| Supplied material |
***

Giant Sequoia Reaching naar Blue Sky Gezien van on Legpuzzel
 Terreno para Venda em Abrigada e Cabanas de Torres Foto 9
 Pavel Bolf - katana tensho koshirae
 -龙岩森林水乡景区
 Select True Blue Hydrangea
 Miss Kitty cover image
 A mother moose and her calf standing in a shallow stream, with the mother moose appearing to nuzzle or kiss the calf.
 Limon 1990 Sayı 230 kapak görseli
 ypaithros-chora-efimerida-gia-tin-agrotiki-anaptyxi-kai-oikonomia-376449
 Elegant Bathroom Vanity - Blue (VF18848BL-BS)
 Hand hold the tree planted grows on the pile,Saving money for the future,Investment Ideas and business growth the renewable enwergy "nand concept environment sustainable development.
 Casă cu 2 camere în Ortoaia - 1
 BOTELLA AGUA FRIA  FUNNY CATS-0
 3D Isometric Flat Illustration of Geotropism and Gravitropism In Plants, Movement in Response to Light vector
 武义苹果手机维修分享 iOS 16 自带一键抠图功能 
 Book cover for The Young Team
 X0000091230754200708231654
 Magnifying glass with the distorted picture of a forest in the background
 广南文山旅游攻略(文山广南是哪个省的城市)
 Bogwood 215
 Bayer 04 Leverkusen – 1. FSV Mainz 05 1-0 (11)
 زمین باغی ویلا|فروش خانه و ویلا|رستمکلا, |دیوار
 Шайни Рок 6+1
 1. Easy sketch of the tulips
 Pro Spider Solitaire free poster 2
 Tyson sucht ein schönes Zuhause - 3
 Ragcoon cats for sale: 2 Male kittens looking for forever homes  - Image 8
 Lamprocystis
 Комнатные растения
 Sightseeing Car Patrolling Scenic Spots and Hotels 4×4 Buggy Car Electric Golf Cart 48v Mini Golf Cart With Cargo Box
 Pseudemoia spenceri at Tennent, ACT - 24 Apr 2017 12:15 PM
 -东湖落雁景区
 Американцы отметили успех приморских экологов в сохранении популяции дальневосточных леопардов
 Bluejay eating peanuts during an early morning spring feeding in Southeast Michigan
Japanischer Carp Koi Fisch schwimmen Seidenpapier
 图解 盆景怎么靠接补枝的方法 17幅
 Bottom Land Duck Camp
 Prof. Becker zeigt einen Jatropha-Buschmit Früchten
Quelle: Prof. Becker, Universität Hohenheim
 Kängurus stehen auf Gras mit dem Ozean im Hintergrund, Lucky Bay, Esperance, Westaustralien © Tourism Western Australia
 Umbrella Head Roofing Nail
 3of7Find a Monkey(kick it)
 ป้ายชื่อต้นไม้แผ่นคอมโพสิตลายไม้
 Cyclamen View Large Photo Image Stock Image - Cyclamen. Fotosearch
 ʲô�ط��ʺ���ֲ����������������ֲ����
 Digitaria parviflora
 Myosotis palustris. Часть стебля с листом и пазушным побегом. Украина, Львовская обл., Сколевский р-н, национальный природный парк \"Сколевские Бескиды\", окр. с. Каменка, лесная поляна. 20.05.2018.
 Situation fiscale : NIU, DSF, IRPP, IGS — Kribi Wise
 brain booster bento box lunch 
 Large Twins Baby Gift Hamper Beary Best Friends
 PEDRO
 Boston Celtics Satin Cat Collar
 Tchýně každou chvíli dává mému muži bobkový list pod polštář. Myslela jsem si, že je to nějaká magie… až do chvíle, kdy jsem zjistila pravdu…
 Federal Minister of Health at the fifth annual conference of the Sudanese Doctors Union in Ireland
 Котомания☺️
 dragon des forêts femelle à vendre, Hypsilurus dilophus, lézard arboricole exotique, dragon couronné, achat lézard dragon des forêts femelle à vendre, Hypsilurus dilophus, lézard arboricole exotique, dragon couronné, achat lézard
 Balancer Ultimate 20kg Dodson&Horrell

***

A faithful copy of every record is required; output it in full.

Giant Sequoia Reaching naar Blue Sky Gezien van on Legpuzzel
 Terreno para Venda em Abrigada e Cabanas de Torres Foto 9
 Pavel Bolf - katana tensho koshirae
 -龙岩森林水乡景区
 Select True Blue Hydrangea
 Miss Kitty cover image
 A mother moose and her calf standing in a shallow stream, with the mother moose appearing to nuzzle or kiss the calf.
 Limon 1990 Sayı 230 kapak görseli
 ypaithros-chora-efimerida-gia-tin-agrotiki-anaptyxi-kai-oikonomia-376449
 Elegant Bathroom Vanity - Blue (VF18848BL-BS)
 Hand hold the tree planted grows on the pile,Saving money for the future,Investment Ideas and business growth the renewable enwergy "nand concept environment sustainable development.
 Casă cu 2 camere în Ortoaia - 1
 BOTELLA AGUA FRIA  FUNNY CATS-0
 3D Isometric Flat Illustration of Geotropism and Gravitropism In Plants, Movement in Response to Light vector
 武义苹果手机维修分享 iOS 16 自带一键抠图功能 
 Book cover for The Young Team
 X0000091230754200708231654
 Magnifying glass with the distorted picture of a forest in the background
 广南文山旅游攻略(文山广南是哪个省的城市)
 Bogwood 215
 Bayer 04 Leverkusen – 1. FSV Mainz 05 1-0 (11)
 زمین باغی ویلا|فروش خانه و ویلا|رستمکلا, |دیوار
 Шайни Рок 6+1
 1. Easy sketch of the tulips
 Pro Spider Solitaire free poster 2
 Tyson sucht ein schönes Zuhause - 3
 Ragcoon cats for sale: 2 Male kittens looking for forever homes  - Image 8
 Lamprocystis
 Комнатные растения
 Sightseeing Car Patrolling Scenic Spots and Hotels 4×4 Buggy Car Electric Golf Cart 48v Mini Golf Cart With Cargo Box
 Pseudemoia spenceri at Tennent, ACT - 24 Apr 2017 12:15 PM
 -东湖落雁景区
 Американцы отметили успех приморских экологов в сохранении популяции дальневосточных леопардов
 Bluejay eating peanuts during an early morning spring feeding in Southeast Michigan
Japanischer Carp Koi Fisch schwimmen Seidenpapier
 图解 盆景怎么靠接补枝的方法 17幅
 Bottom Land Duck Camp
 Prof. Becker zeigt einen Jatropha-Buschmit Früchten
Quelle: Prof. Becker, Universität Hohenheim
 Kängurus stehen auf Gras mit dem Ozean im Hintergrund, Lucky Bay, Esperance, Westaustralien © Tourism Western Australia
 Umbrella Head Roofing Nail
 3of7Find a Monkey(kick it)
 ป้ายชื่อต้นไม้แผ่นคอมโพสิตลายไม้
 Cyclamen View Large Photo Image Stock Image - Cyclamen. Fotosearch
 ʲô�ط��ʺ���ֲ����������������ֲ����
 Digitaria parviflora
 Myosotis palustris. Часть стебля с листом и пазушным побегом. Украина, Львовская обл., Сколевский р-н, национальный природный парк \"Сколевские Бескиды\", окр. с. Каменка, лесная поляна. 20.05.2018.
 Situation fiscale : NIU, DSF, IRPP, IGS — Kribi Wise
 brain booster bento box lunch 
 Large Twins Baby Gift Hamper Beary Best Friends
 PEDRO
 Boston Celtics Satin Cat Collar
 Tchýně každou chvíli dává mému muži bobkový list pod polštář. Myslela jsem si, že je to nějaká magie… až do chvíle, kdy jsem zjistila pravdu…
 Federal Minister of Health at the fifth annual conference of the Sudanese Doctors Union in Ireland
 Котомания☺️
 dragon des forêts femelle à vendre, Hypsilurus dilophus, lézard arboricole exotique, dragon couronné, achat lézard dragon des forêts femelle à vendre, Hypsilurus dilophus, lézard arboricole exotique, dragon couronné, achat lézard
 Balancer Ultimate 20kg Dodson&Horrell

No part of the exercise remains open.